Depuis le commencement des sociétés, il y eut section de la morale et de la loi sur l’homme et de l’homme sur la loi ; de sorte que non seulement les gouvernemens, les idées sont changés, mais aussi l’homme, sa personne, ses affections, sa manière d’être. Si l’on faisait revivre un paysan du moyen âge, et qu’on le mît en présence d’un de nos paysans d’aujourd’hui, on verrait deux hommes différens de force, d’impressions, d’allure : celui du moyen âge serait plus grossier, plus animal ; ses sentimens seraient presque nuls ; ce serait un vilain, en un mot, puisqu’au rebours de Rome, où la culture fut honorée, le paysan dans nos terres conquises eut à supporter le long mépris de l’épée. Quand on va travailler sur la morale, il faut savoir distinguer le caractère inhérent à l’homme et son caractère variable : l’homme est fils, époux, père ; il conserve éternellement la même destinée ; mais il peut porter dans les sentimens des caractères si divers que, vivant sur un fond semblable, il est dans les extrémités opposées : ainsi, Moïse et Caton d’Utique sont mariés ; l’un tue sa femme si elle se donne à un autre homme ; celui-ci la cède lui-même à son ami et la reprend plus tard. Jésus-Christ rive à jamais les nœuds du mariage, et l’antiquité les dénoue selon la convenance.
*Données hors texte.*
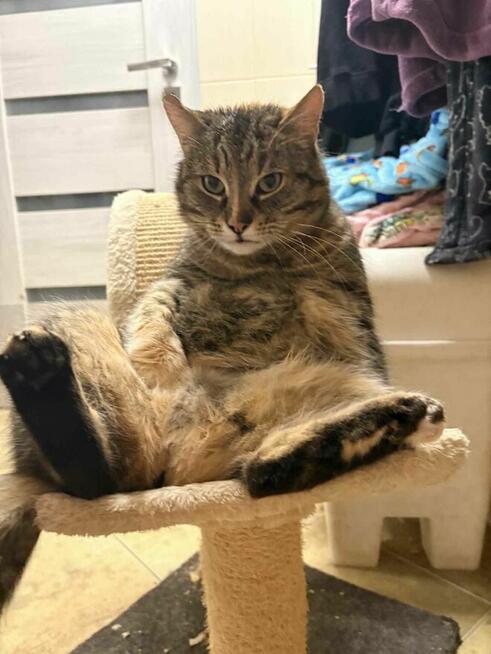 Śliczna zielonooka kotka czeka na dom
Le caractère primitif de l’homme, qui est la base de la loi, peut donc se modifier ; il y a de plus des différences de races qui rendent les hommes plus ou moins sensibles à telle vertu ou à telle injure. Il y a des législateurs calmes et des législateurs exaltés ; les uns cherchent le bonheur et la paix, les autres songent à la beauté ; tous tiennent plus ou moins de leur temps, et s’inspirent de l’ordre moral où ils vivent. Plus les temps où ils agissent sont barbares, plus ils ont emprunté à ces temps ; car leur esprit n’a pu s’instruire nulle part que dans la barbarie ; si les temps sont éclairés, ils apportent aussi à leur pays des idées étrangères et puisent à différentes sources. À mesure que les temps s’éclairent, le législateur diminue de proportion et d’action ; chez les barbares, il est Dieu ; homme, chez nous, il cherche les intentions du ciel, mais il n’a plus pour lui le tonnerre et la foi. Il y aura donc des principes éternels et des principes variables : l’homme, éternellement père, fils, frère, amant, devra labourer la terre, souffrir, mourir ; éternellement ses passions perdront et retrouveront l’éclat ; éternellement il éprouvera des déceptions et ses jours seront mélangés. Étonné de vivre, s’effrayant de mourir, il trouvera la loi humaine cruelle ; il s’agitera sur la terre ; il cherchera quel créateur, quel maître l’a mis ici-bas. Placé sur la terre sans savoir comment, il pourra croire que c’est son devoir d’y rester, quoique rien n’indique qu’il n’ait pas droit de quitter violemment le poste.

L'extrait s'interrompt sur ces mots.